En plus de ces différentes agences fédérales, les années 2001 à 2014 ont vu se développer un nombre impressionnant de sous-traitants civils spécialisés dans les opérations de sécurité, voire les opérations de guerre. Ainsi, la tristement célèbre société « Blackwater » dont près de mille employés assuraient la sécurité de diplomates en Irak. Devenue « Academi » après une bavure en Irak dans laquelle 31 civils irakiens ont été tués ou blessés en 2007, cette société a touché près de 570 millions de dollars dans le cadre de la lutte anti drogue en Afghanistan, suivant le dernier rapport de l’Inspecteur Spécial Général pour la Reconstruction de l’Afghanistan (Special Inspector General for Afghanistan Reconstruction, ou SIGAR).
Tout est organisé pour, officiellement, assurer la « sécurité de l’Amérique ». Mais en réalité, il semblerait que tout soit organisé pour assurer la sécurité des forces de sécurité et de leurs dirigeants. Et tout est bon pour atteindre cet objectif. Lorsque le sénat a publié un rapport expurgé et pourtant effarant des différentes tortures utilisées par la CIA, pas un seul de ses dirigeants n’a été renvoyé, suspendu ou même simplement réprimandé. Après les évènements de Fergusson où un civil non armé (mais noir) a été tué par un policier, comme dans d’autres cas récents de morts de civils désarmés, les policiers concernés n’ont pas été réellement inquiétés non plus.
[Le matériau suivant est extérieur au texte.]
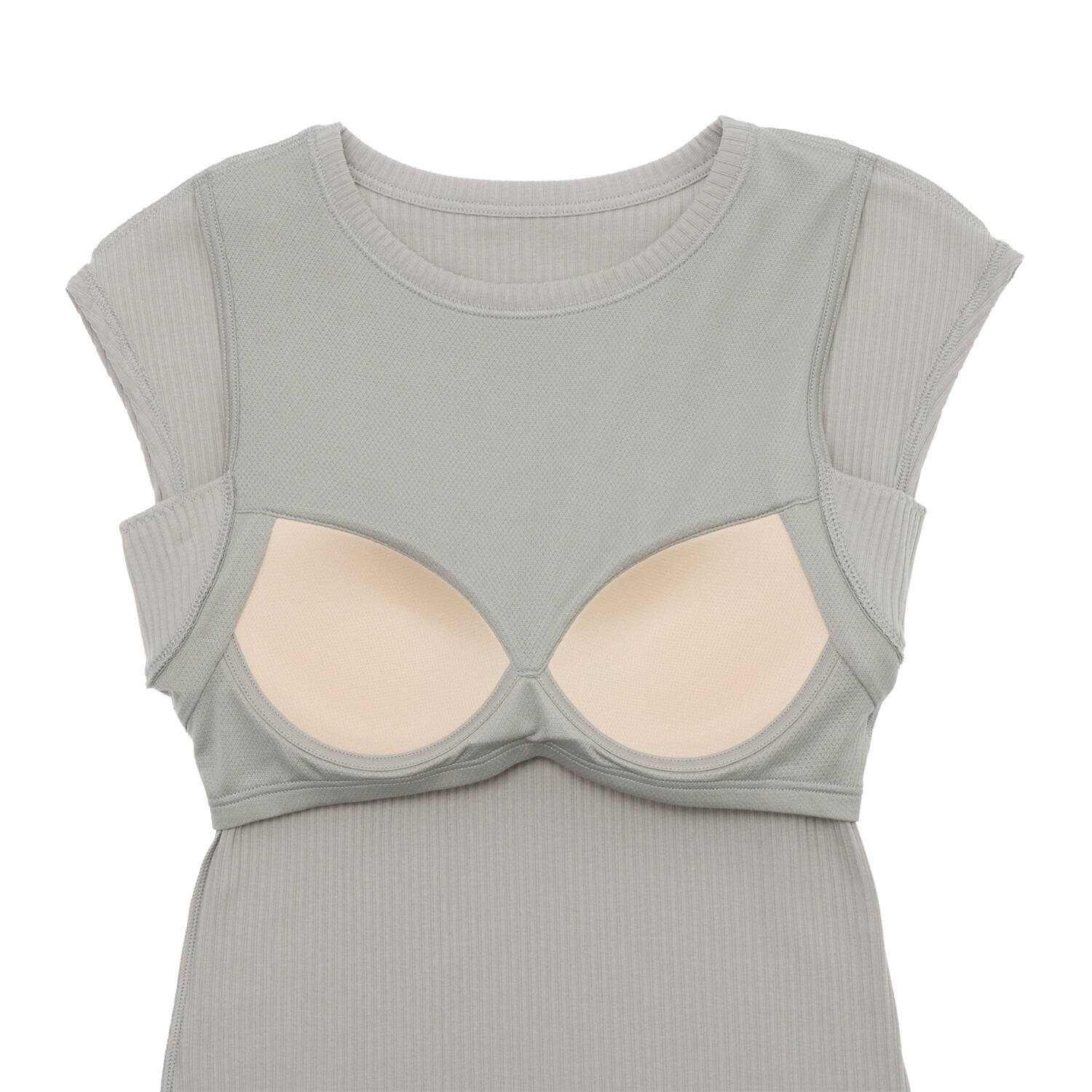 プラスケー コットンブレンド フレンチスリーブ カップ付 リブインナートップス ２枚セット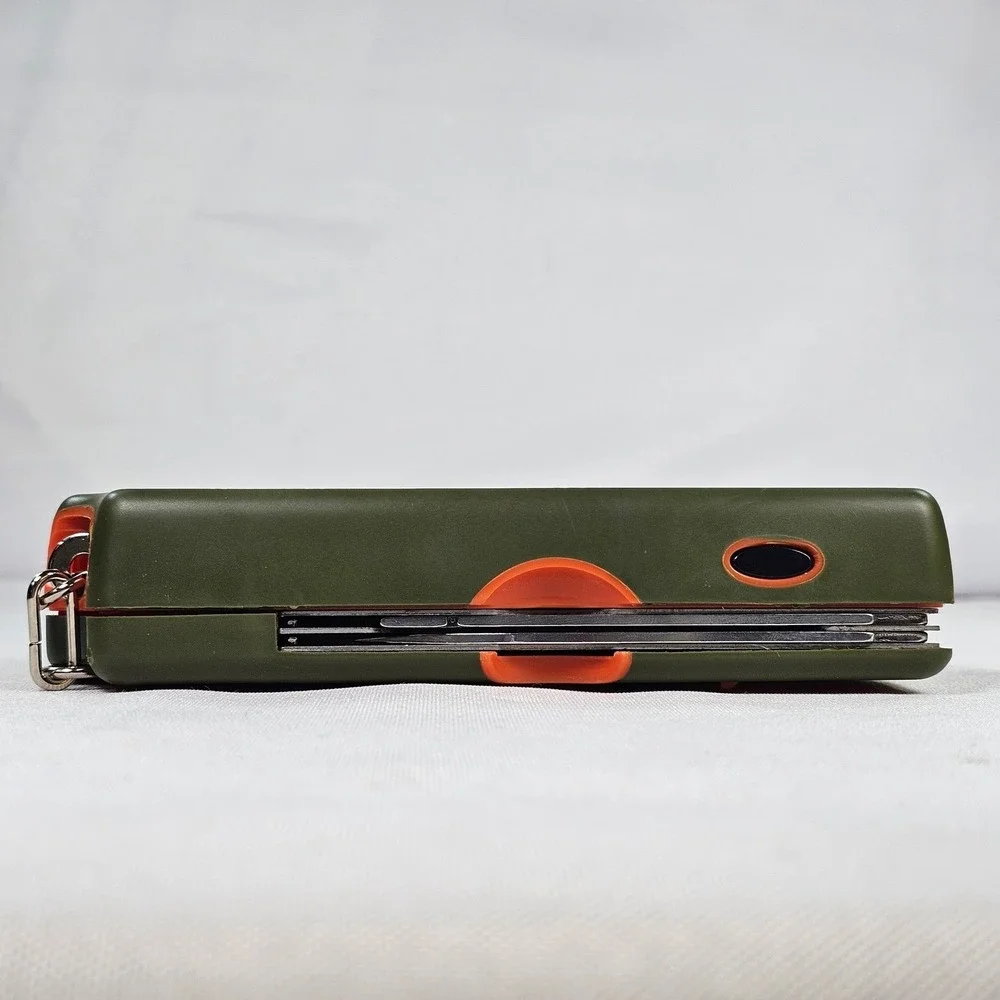 Multi-Function Fishing Tool Scale Tape Measure LED Light Knife Green Orange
De la même façon, les Etats-Unis ont refusé toute légitimité à des tribunaux étrangers dans la poursuite de civils américains employés par les sociétés de sécurité opérant à l’étranger
(à suivre) 


[1] Selon le Stockholm International Peace Research Institute
[3] Jacques Sapir, in Le tragique et l’obscène, 25 septembre 2014, http://russeurope.hypotheses.org/
[4]Department of Homeland Security”
[5] Dont les moins connues sont sans doute l’Agence Géospatiale de Renseignements (National Geospatial-Intelligence Agency) qui emploie seize mille personnes pour faire un travail à peine supérieur à ce que Google Earth offre gratuitement, ou le Bureau National de Reconnaissance, NRO (National Reconnaissance Office).